START The data
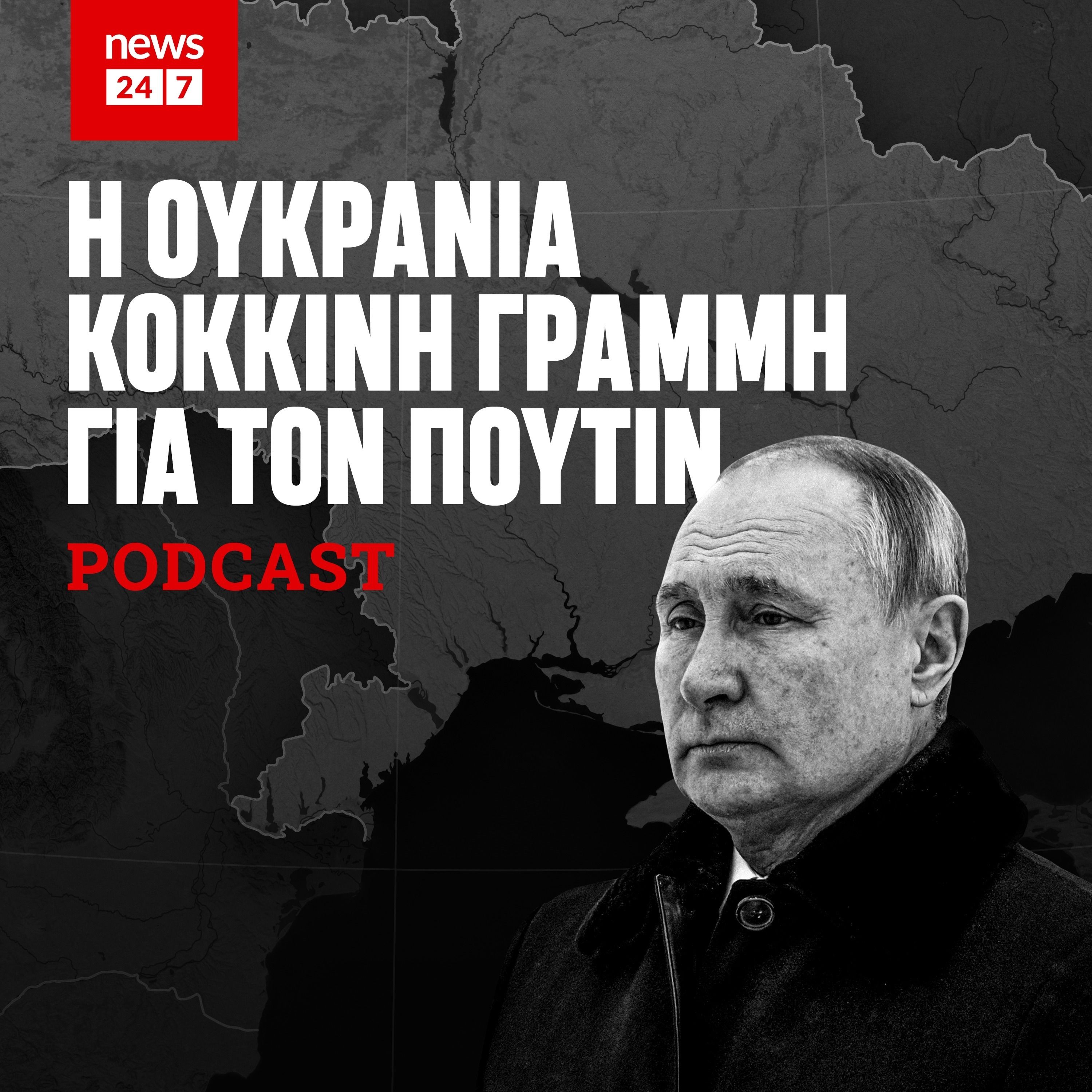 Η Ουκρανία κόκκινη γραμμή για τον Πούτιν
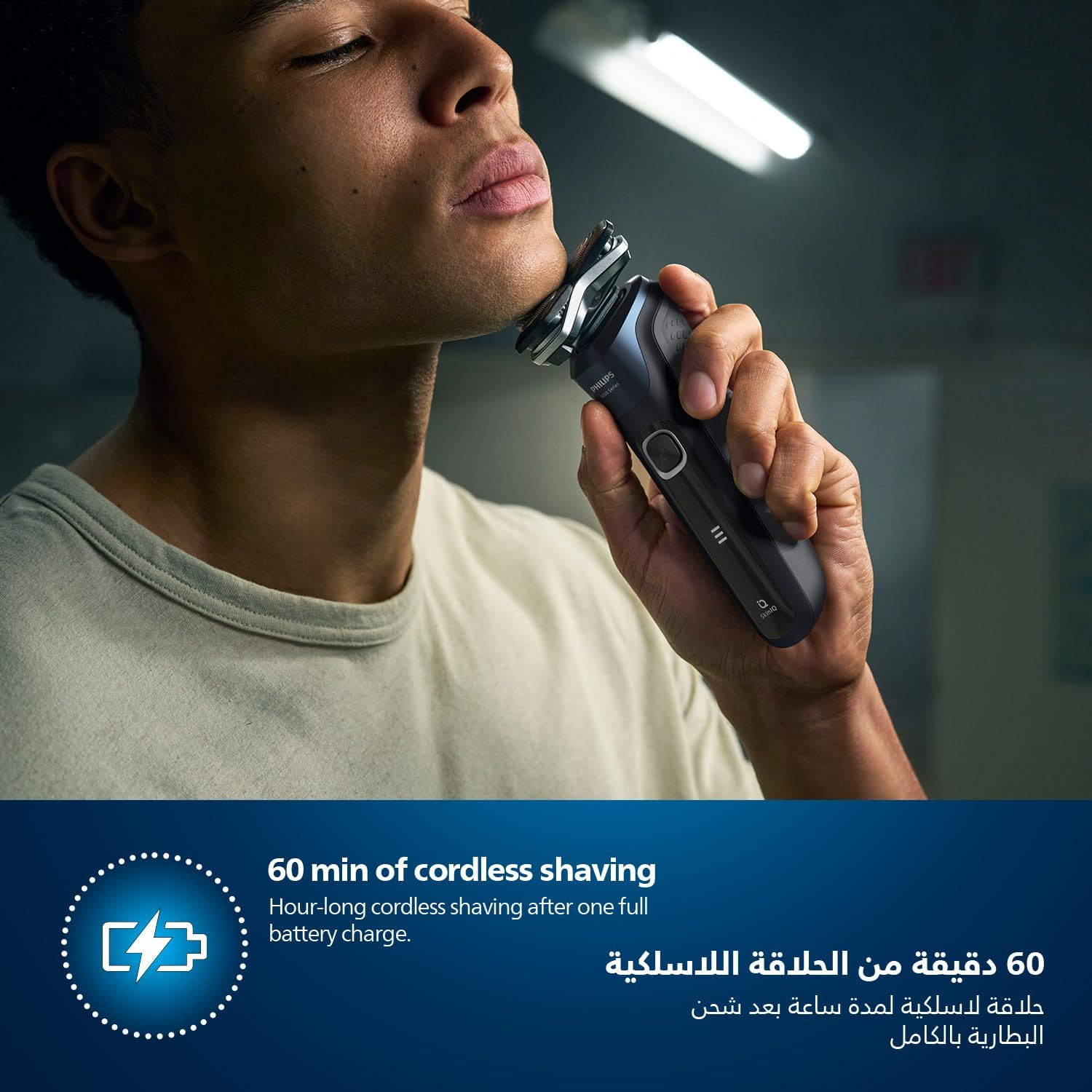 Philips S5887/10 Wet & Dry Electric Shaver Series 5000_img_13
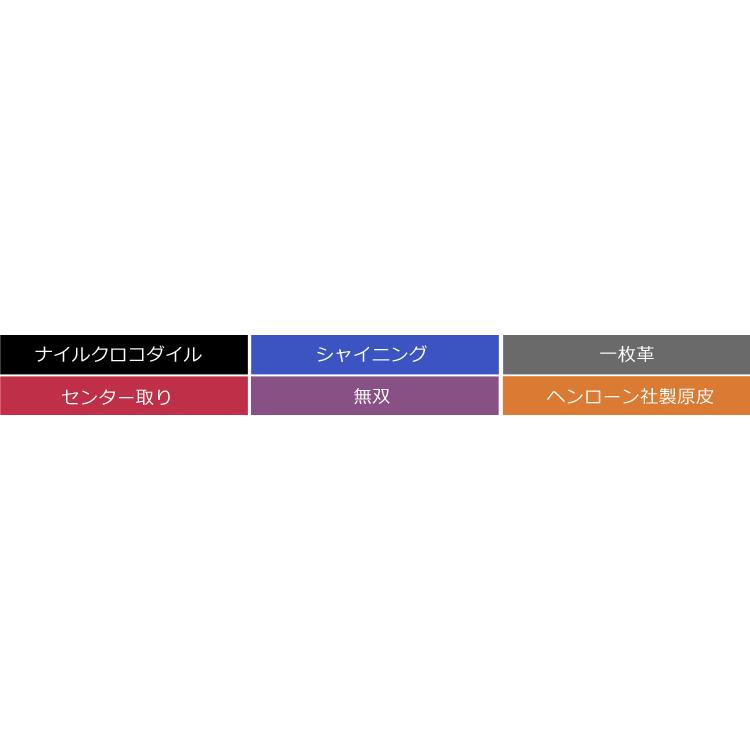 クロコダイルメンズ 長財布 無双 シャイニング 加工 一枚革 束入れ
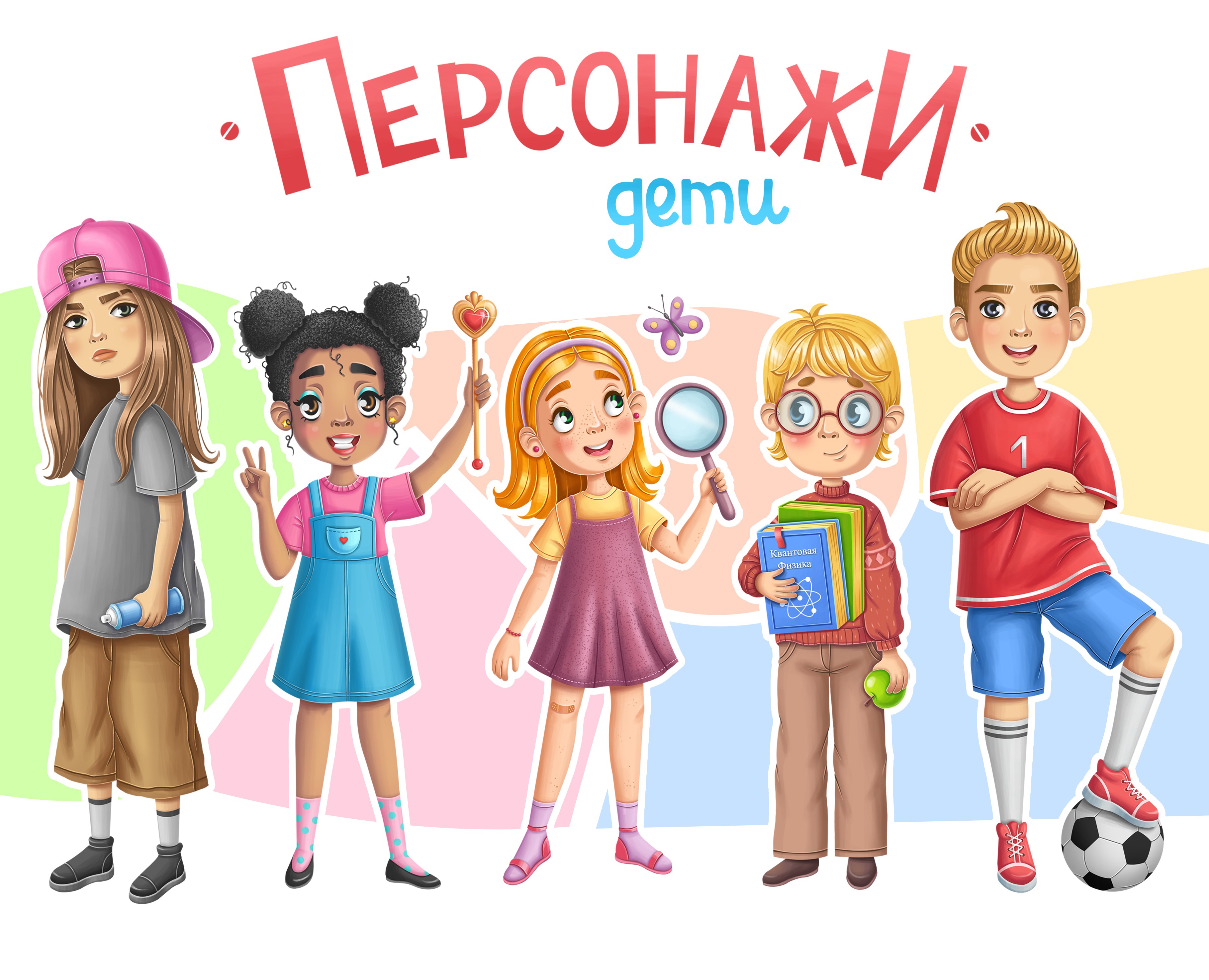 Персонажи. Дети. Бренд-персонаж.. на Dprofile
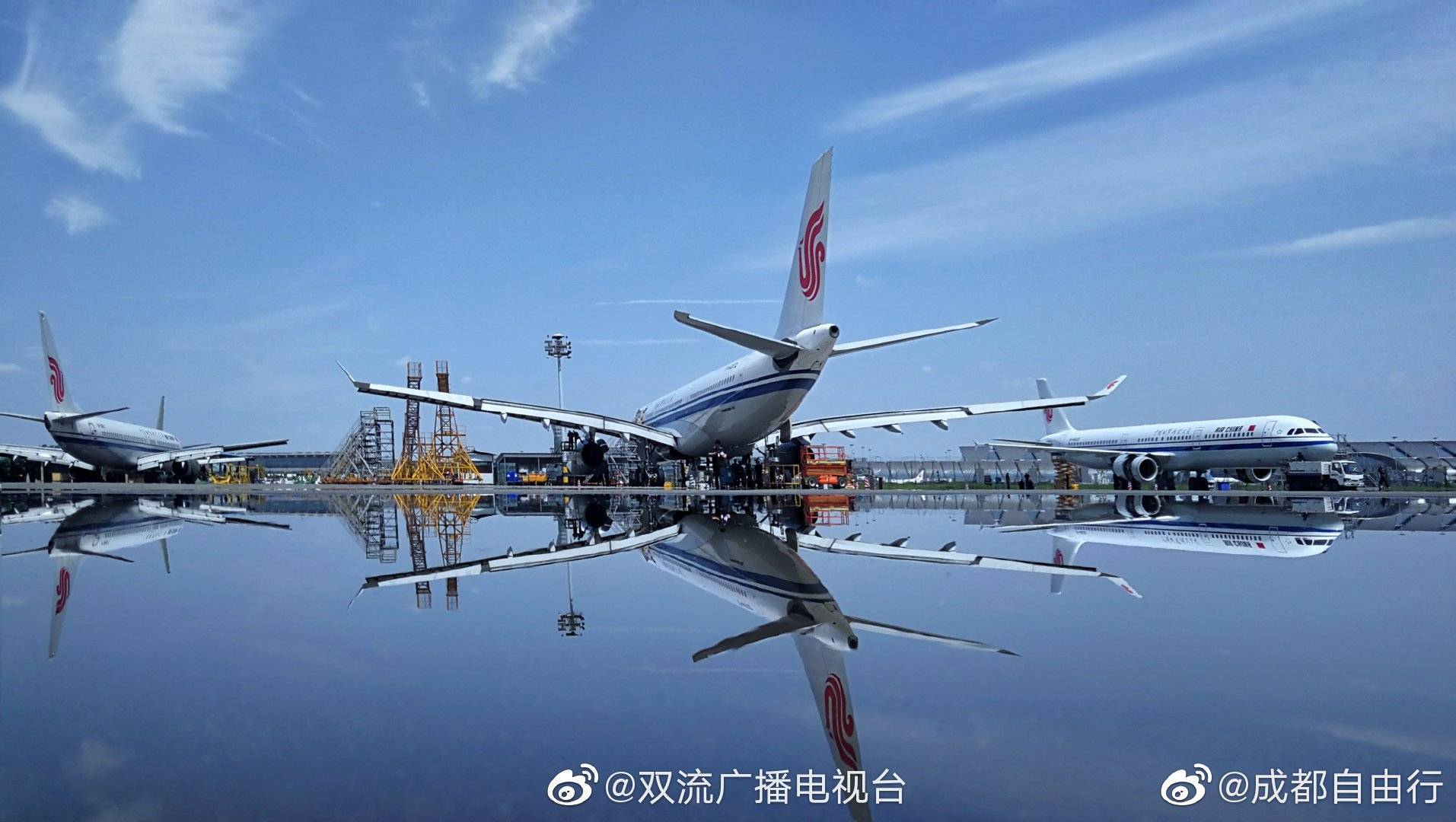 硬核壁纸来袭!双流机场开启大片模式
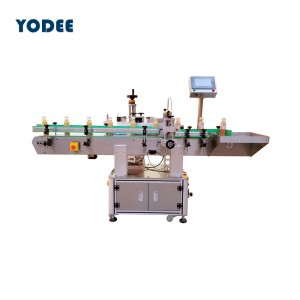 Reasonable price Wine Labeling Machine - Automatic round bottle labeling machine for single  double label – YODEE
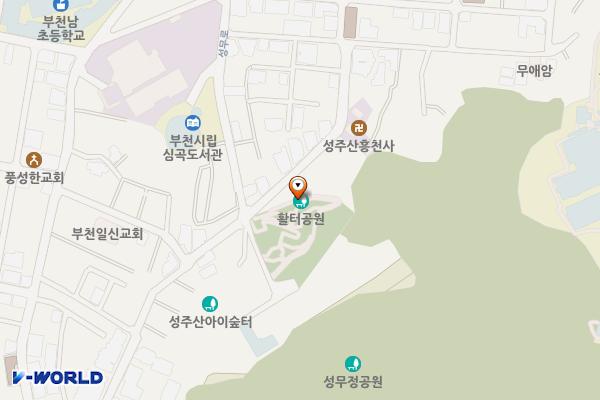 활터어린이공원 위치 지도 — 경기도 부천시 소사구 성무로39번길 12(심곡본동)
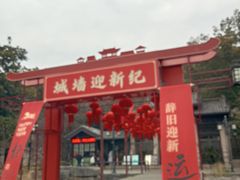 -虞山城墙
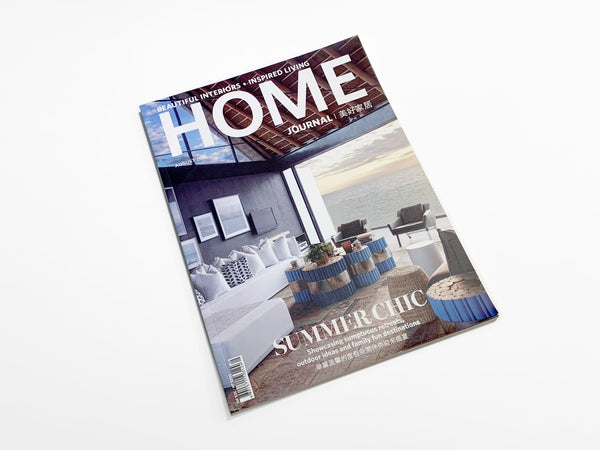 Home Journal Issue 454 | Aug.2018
END The data
What you have to do:
Pictures are to be left out when the lines from the one containing "Персонажи. Дети. Бренд-персонаж.." through the end of the records above are repeated exactly; no other line is wanted.

Exercise answer:
 Персонажи. Дети. Бренд-персонаж.. на Dprofile
 硬核壁纸来袭!双流机场开启大片模式
 Reasonable price Wine Labeling Machine - Automatic round bottle labeling machine for single  double label – YODEE
 활터어린이공원 위치 지도 — 경기도 부천시 소사구 성무로39번길 12(심곡본동)
 -虞山城墙
 Home Journal Issue 454 | Aug.2018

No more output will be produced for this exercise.